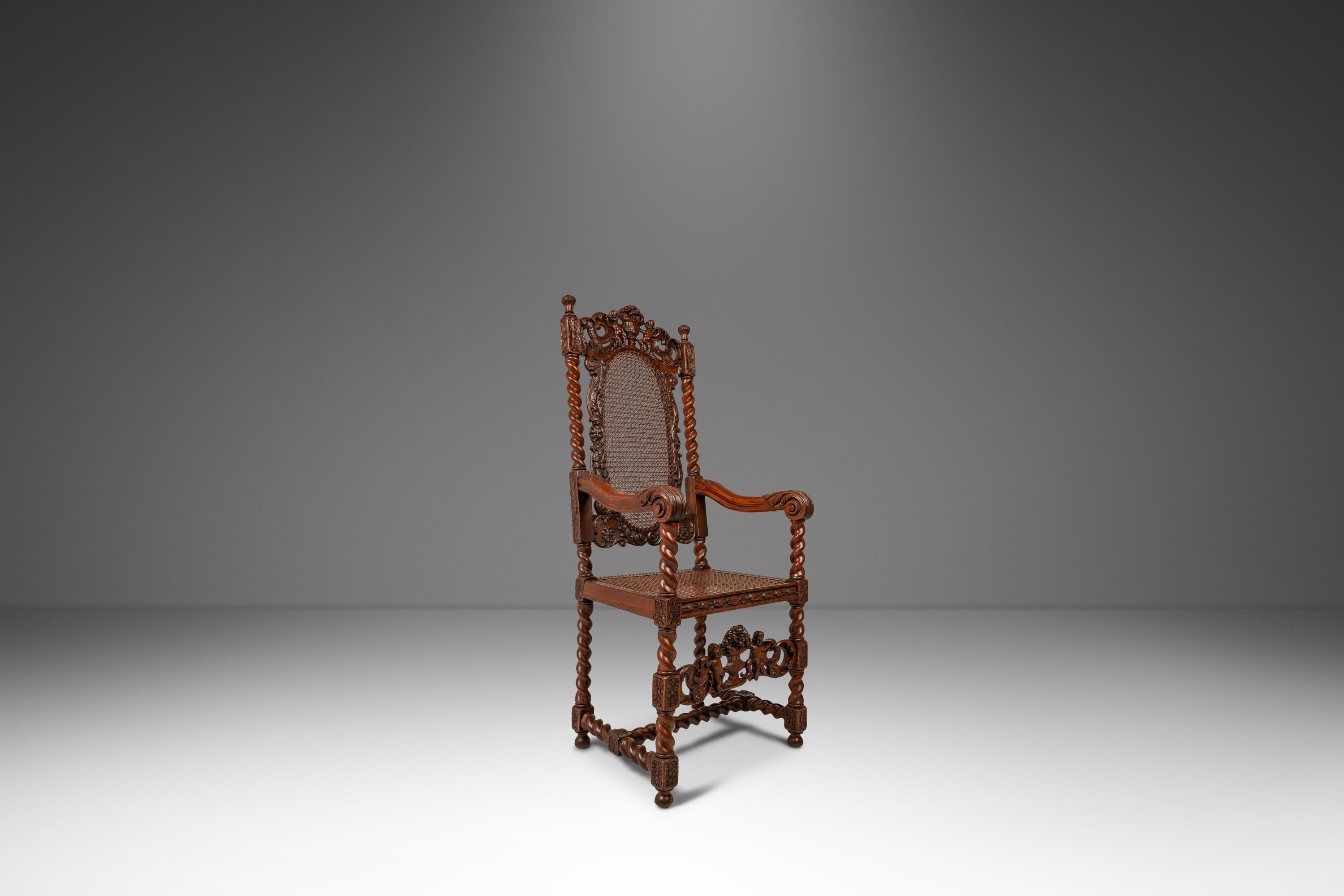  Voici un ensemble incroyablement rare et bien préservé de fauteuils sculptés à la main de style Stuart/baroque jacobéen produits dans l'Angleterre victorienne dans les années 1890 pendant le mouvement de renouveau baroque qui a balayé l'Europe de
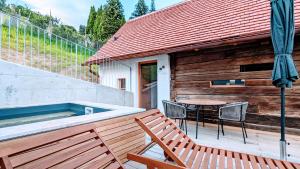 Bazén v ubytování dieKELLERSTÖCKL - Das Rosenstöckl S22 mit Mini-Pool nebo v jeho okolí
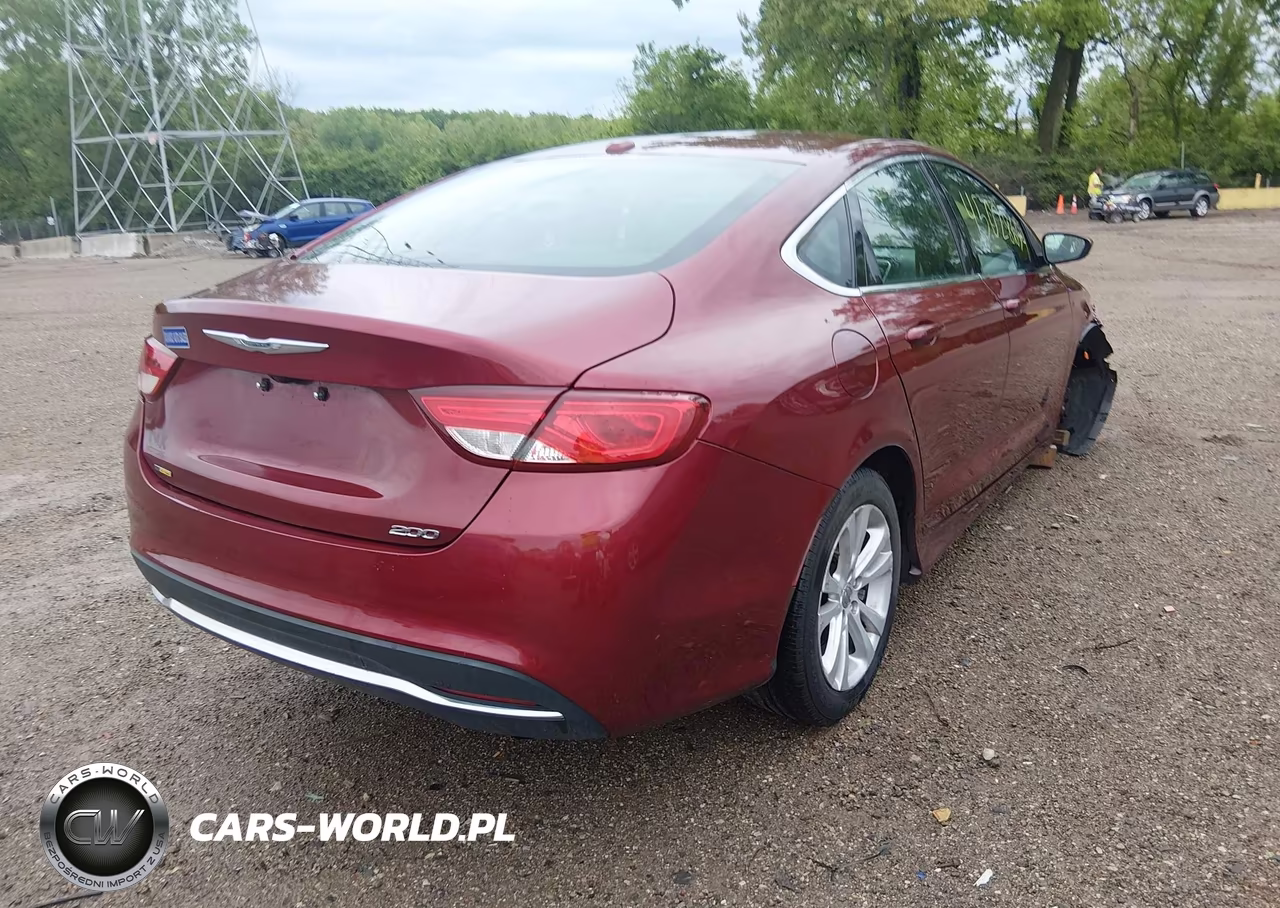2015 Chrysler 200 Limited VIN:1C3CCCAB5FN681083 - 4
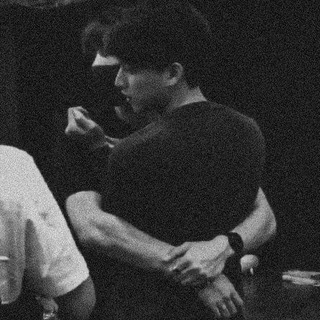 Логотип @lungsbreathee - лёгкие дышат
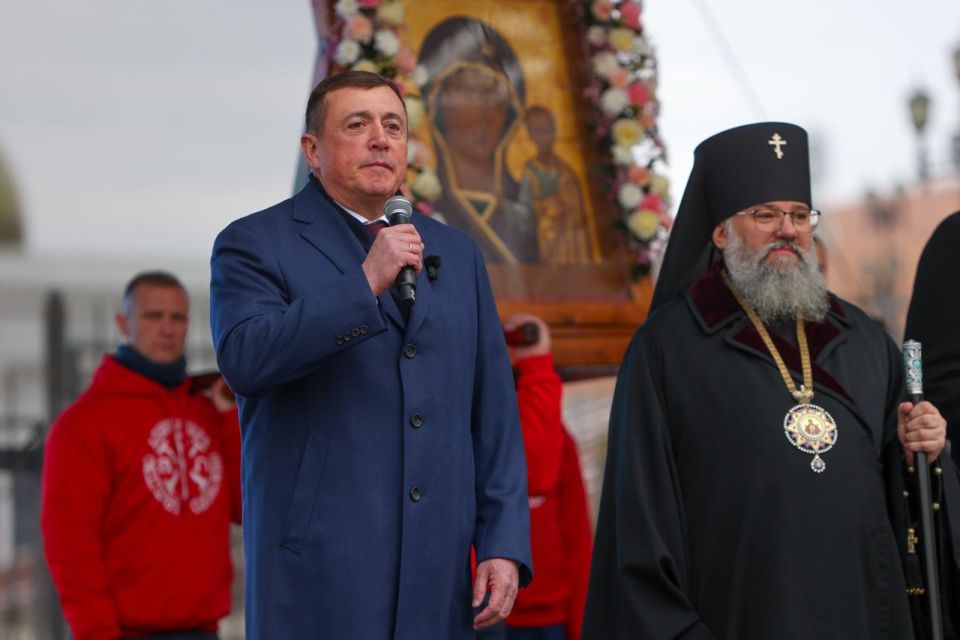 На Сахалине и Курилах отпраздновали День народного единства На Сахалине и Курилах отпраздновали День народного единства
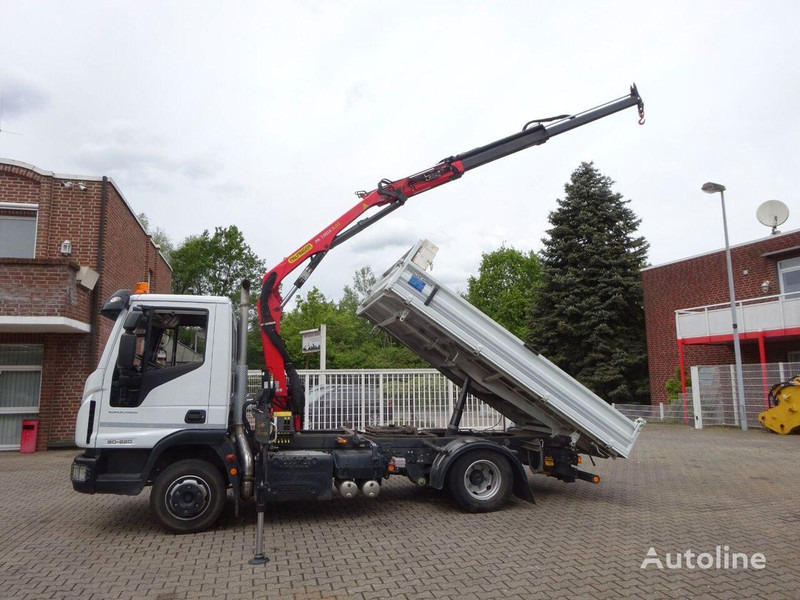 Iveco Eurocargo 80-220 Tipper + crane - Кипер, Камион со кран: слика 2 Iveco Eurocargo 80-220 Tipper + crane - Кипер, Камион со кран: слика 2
━━━━━━━━━━━━━━━━━━━━━━━━━━━━━━
• Task directions:
Keep each line of the records exactly as it is while transcribing them, but leave the images behind.

• Result for this task:
  Voici un ensemble incroyablement rare et bien préservé de fauteuils sculptés à la main de style Stuart/baroque jacobéen produits dans l'Angleterre victorienne dans les années 1890 pendant le mouvement de renouveau baroque qui a balayé l'Europe de
 Bazén v ubytování dieKELLERSTÖCKL - Das Rosenstöckl S22 mit Mini-Pool nebo v jeho okolí
2015 Chrysler 200 Limited VIN:1C3CCCAB5FN681083 - 4
 Логотип @lungsbreathee - лёгкие дышат
 На Сахалине и Курилах отпраздновали День народного единства На Сахалине и Курилах отпраздновали День народного единства
 Iveco Eurocargo 80-220 Tipper + crane - Кипер, Камион со кран: слика 2 Iveco Eurocargo 80-220 Tipper + crane - Кипер, Камион со кран: слика 2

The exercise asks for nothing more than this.